-1

I have this code that gets all child URLs within a page.

How do I parse multipe URLs through this code?

from bs4 import BeautifulSoup
import requests

headers = {
    'User-agent': 'Mozilla/5.0 (Windows NT 10.0; Win64; x64) AppleWebKit/537.36 (KHTML, like Gecko) '
                  'Chrome/91.0.4472.114 Safari/537.36'}
source = requests.get("https://www.oddsportal.com/soccer/england/efl-cup/results/", headers=headers)
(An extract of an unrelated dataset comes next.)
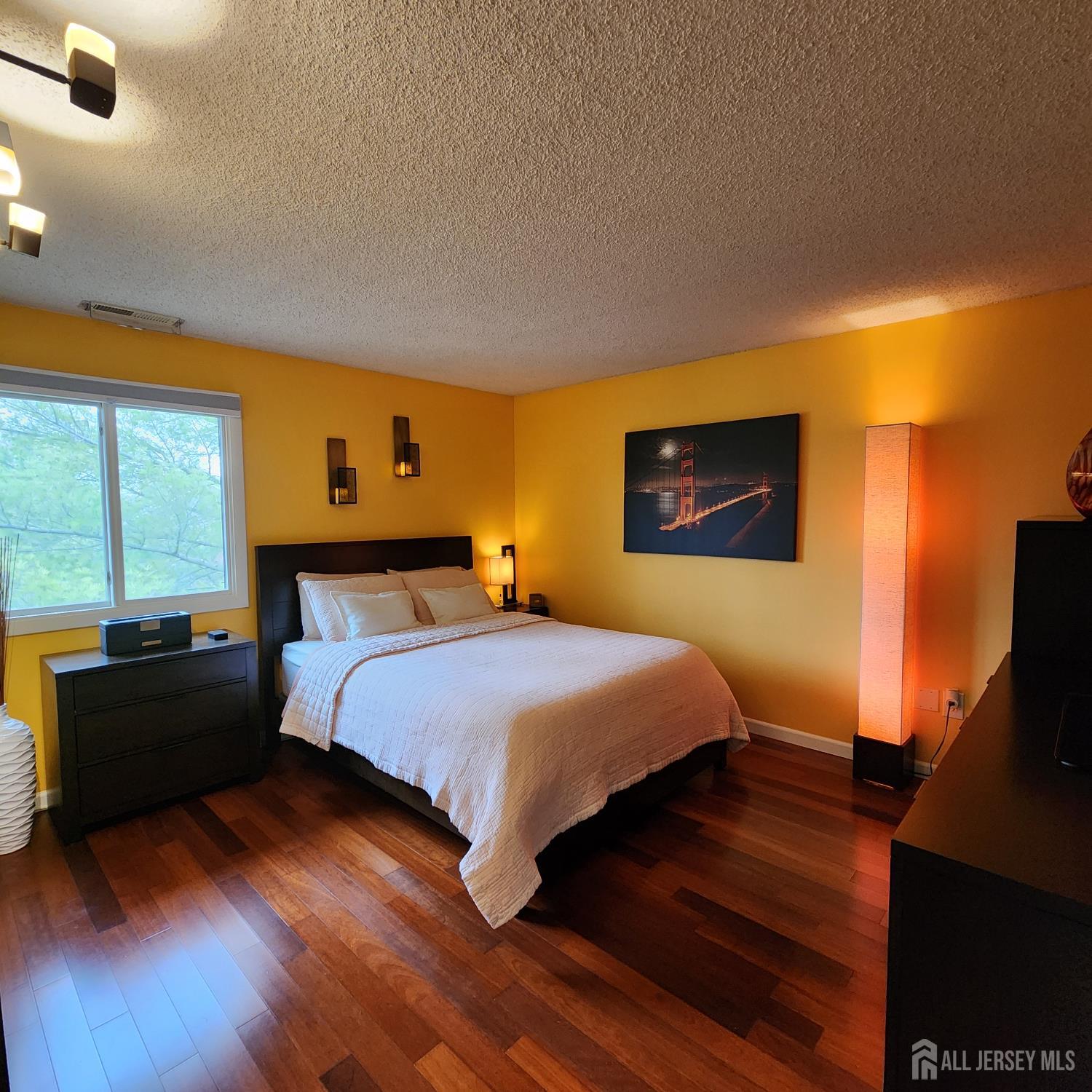 5321 Ravens Crest Drive Image 4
soup = BeautifulSoup(source.text, 'html.parser')
main_div = soup.find("div", class_="main-menu2 main-menu-gray")
a_tag = main_div.find_all("a")
for i in a_tag:
    print(i['href'])

How do I modify it to run for multiple URLs

while my URL list is as:

df:

|    | URL                                                                 |
|----|---------------------------------------------------------------------|
|  0 | https://www.oddsportal.com/soccer/nigeria/npfl-pre-season/results/  |
|  1 | https://www.oddsportal.com/soccer/england/efl-cup/results/          |
|  2 | https://www.oddsportal.com/soccer/europe/guadiana-cup/results/      |
|  3 | https://www.oddsportal.com/soccer/world/kings-cup-thailand/results/ |
|  4 | https://www.oddsportal.com/soccer/poland/division-2-east/results/   |

I tried parsing it this way :

headers = {
    'User-agent': 'Mozilla/5.0 (Windows NT 10.0; Win64; x64) AppleWebKit/537.36 (KHTML, like Gecko) '
                  'Chrome/91.0.4472.114 Safari/537.36'}
for url in df:
    source = requests.get(df['URL'], headers=headers)

    soup = BeautifulSoup(source.text, 'html.parser')
    main_div = soup.find("div", class_="main-menu2 main-menu-gray")
    a_tag = main_div.find_all("a")
    for i in a_tag:
        print(i['href'])

However I am getting this error:

line 742, in get_adapter
    raise InvalidSchema("No connection adapters were found for {!r}".format(url))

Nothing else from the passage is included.